There are at least three versions for string trio; we have chosen the latest.
There have also been various re-interpretations eg for jazz trio; for string trio with live electronics! Maybe next time...
Bach did not write any other sets of variations; in this one he was probably influenced by Handel's from 1733 of 64 variations on a similar bassline. Handel's theme was only 8 bars long, so with his much more contrapuntal working Bach was indulging in one-upmanship.
Bach was fascinated by the religious and cabbalistic symbolism of numbers. Most obviously the set can be divided into 10 groups of 3 (= the trinity)
There is much use of symmetry, with 32 movements overall as well as 32 bass notes in each variation.

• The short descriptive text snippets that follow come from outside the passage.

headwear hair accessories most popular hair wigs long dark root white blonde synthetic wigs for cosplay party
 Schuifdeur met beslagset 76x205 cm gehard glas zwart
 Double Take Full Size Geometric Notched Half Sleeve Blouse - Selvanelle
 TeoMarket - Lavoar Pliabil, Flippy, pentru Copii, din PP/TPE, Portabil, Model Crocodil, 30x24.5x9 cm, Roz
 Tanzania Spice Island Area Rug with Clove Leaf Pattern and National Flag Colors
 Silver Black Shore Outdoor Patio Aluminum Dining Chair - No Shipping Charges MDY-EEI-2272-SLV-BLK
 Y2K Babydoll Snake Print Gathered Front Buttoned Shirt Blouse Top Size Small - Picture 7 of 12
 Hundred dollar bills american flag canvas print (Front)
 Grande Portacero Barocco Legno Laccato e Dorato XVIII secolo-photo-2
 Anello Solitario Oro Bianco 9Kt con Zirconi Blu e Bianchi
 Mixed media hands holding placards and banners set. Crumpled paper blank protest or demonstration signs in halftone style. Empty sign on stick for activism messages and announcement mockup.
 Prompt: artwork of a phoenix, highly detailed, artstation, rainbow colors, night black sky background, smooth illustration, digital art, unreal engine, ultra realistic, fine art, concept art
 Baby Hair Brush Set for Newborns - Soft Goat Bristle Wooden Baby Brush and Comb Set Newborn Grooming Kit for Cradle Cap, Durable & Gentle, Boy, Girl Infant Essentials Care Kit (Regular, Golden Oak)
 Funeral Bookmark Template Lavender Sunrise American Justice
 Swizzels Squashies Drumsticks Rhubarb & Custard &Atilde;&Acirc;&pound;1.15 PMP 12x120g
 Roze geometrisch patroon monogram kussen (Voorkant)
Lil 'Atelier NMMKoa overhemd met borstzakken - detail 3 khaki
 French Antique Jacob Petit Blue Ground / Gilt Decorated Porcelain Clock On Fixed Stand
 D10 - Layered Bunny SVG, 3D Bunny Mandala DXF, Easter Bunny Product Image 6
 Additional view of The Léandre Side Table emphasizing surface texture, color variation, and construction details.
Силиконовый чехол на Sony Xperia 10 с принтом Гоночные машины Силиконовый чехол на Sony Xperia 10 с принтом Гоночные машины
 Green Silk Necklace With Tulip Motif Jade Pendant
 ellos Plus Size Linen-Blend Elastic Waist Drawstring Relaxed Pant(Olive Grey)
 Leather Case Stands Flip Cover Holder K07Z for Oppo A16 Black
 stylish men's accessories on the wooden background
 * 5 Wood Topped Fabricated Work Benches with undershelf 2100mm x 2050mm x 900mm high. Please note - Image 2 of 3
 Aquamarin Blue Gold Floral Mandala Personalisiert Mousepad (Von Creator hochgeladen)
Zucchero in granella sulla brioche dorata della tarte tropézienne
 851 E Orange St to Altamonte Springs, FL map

Each movement is in 2 equal sections of 16 bars.
The first variation of each triplet is usually a dance or “genre” piece, followed by a virtuosic variation and then a Canon.
The first canon starts like a typical “round” with the following part in unison with the leader, but then in each succeeding canon the parts become further and further apart until in the final one they are at the interval of a ninth.
Bach was the master of counterpoint and not only are the canons created to be varied intervals apart, some are also in contrary motion, so they are mirror images.
The final variation, no 30, breaks this cycle . It is a quodlibet or “What you Will”. This was the custom at get-togethers of the Bach family - all musicians and composers – and consisted of an impromptu mashup of comic and often bawdy popular songs.
The songs featured in the quodlibet are: “Cabbages and Turnips have driven me away, had my mother cooked meat I would have opted to stay” (those particular vegetables are a proverbial Geman phrase for a confused mess) and “I have been so long away from you, come closer, come closer” Humorous references to the many preceding variations and the imminent re-appearance of the Aria?
Many of the variations are Baroque Dances in style if not name– sarabande, polonaise, gigue, passepied.
There are also many virtuoso toccata like movements that feature crossing of the parts (and hands on the harpsichord), evoking the style of Domenico Scarlatti particularly.
Marking the halfway point, the 16th variation is a French Overture, usually a grand opening movement with dotted rhythms.
There are only 3 variations in the minor key, numbers 15, 21 and 25. All others stay in G major.
It was one of Bach's most popular pieces in his lifetime, over 100 copies were printed, of which 19 have survived.
One of these is Bach's personal copy, which has some extra performance directions and corrections and also includes 14 extra canons using just the 1st 8 bars of the bassline.
The Goldberg Variations were championed in the 1930s by the pioneer 20th century harpsichordist Wanda Landowska, who made the first recording.
In the 1950s pianist Glenn Gould made them his debut recording, which achieved bestseller status.
The Aria was infamously featured in Silence of the Lambs
Some final advice from Bach:”It's easy to play any musical instrument, all you have to do is touch the right key at the right time and the instrument will play itself”!